**Task instructions:**
Write out, exactly and only, the lines that run from the top of the records to the line with "1020 Coolidge Dr - Photo 3 of 11". Include both ends; exclude pictures.

**Supplied data:**
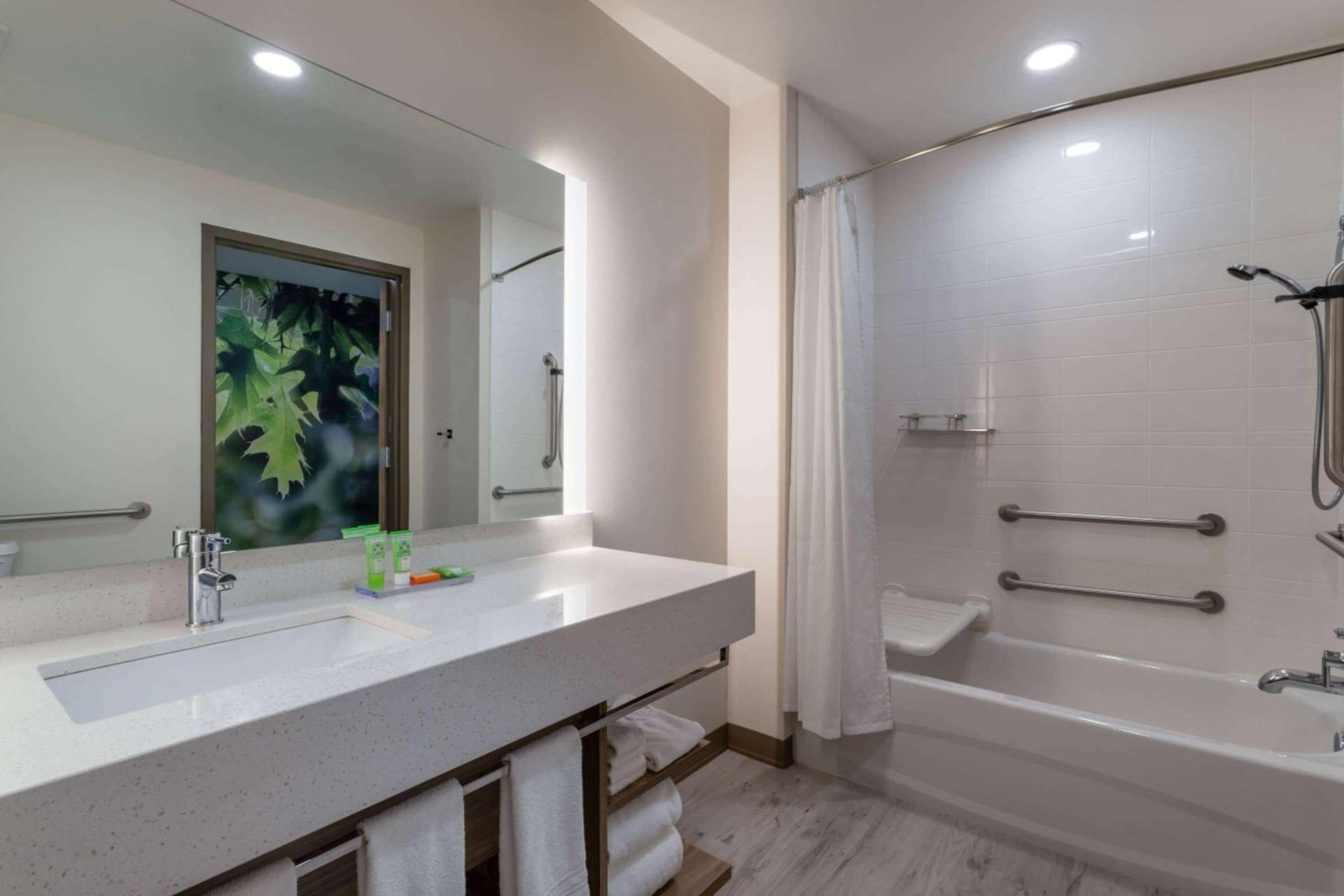 Wyndham Garden Orlando Airport - Free Airport Shuttle photo 14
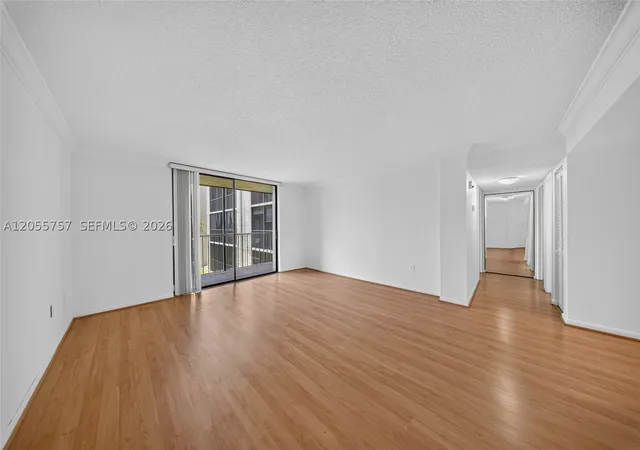 Listing Photo 4 - Condo for sale in building located at 8045 Sw 107Th Ave, Miami, FL 33173 - Unit #203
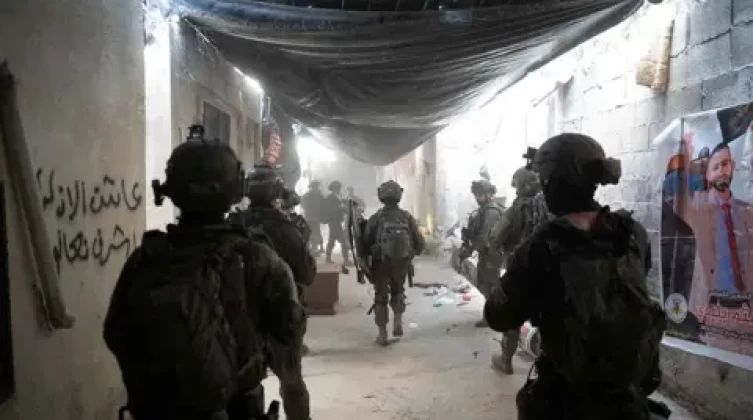 جيش الاحتلال يشن حملة اقتحامات في مدن الضفة الغربية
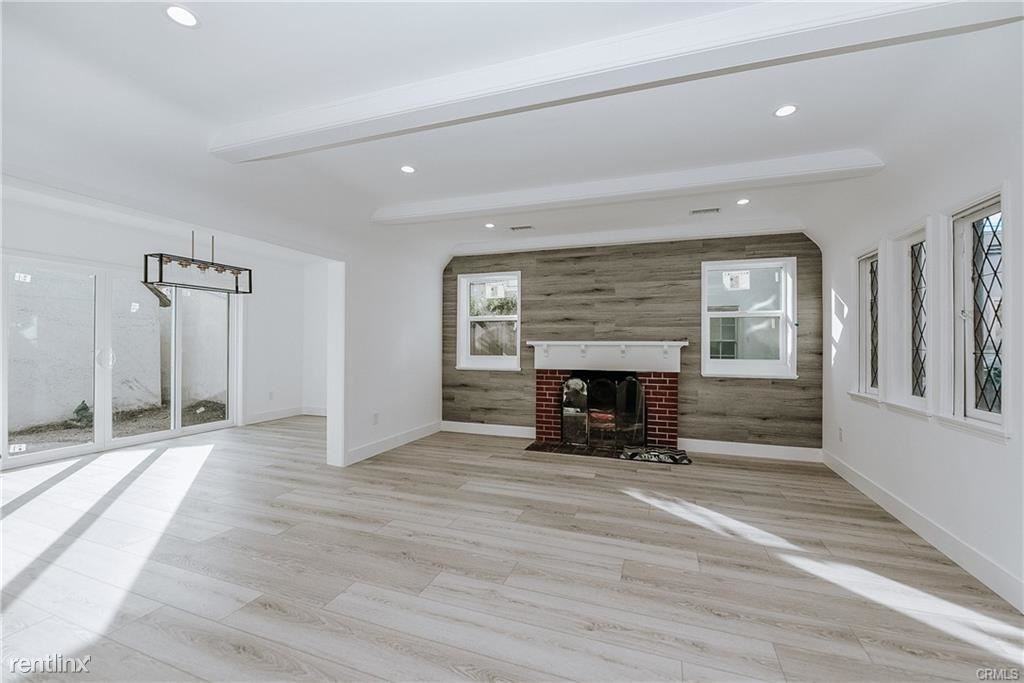 1020 Coolidge Dr - Photo 3 of 11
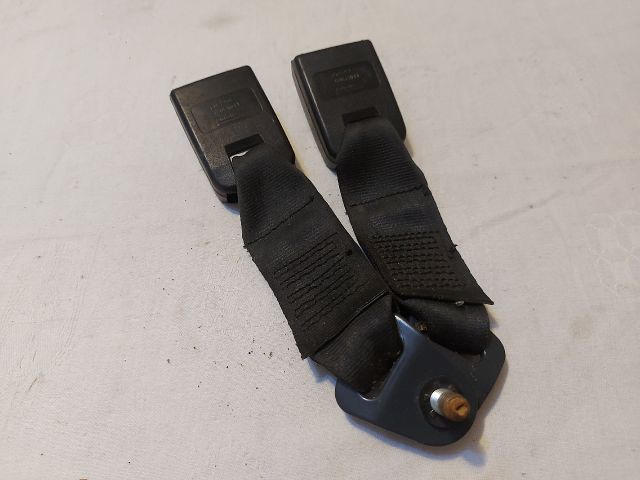 bontott DACIA DUSTER Hátsó középső Biztonsági Öv Csat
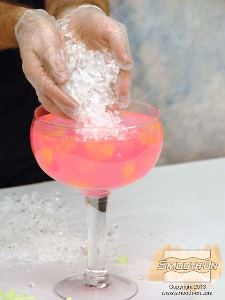 לחיצה להגדלת תמונה מוסיפים עוד שכבה של סיליקון Encapso® K דמוי פרי ודמוי קרח כדי להשלים את מראה המשקה. לאחר שהחומר יתמצק לגמרי, המרכיבים השונים בפרופ המשקה יקשרו אחד לשני.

**Task response:**
 Wyndham Garden Orlando Airport - Free Airport Shuttle photo 14
 Listing Photo 4 - Condo for sale in building located at 8045 Sw 107Th Ave, Miami, FL 33173 - Unit #203
 جيش الاحتلال يشن حملة اقتحامات في مدن الضفة الغربية
 1020 Coolidge Dr - Photo 3 of 11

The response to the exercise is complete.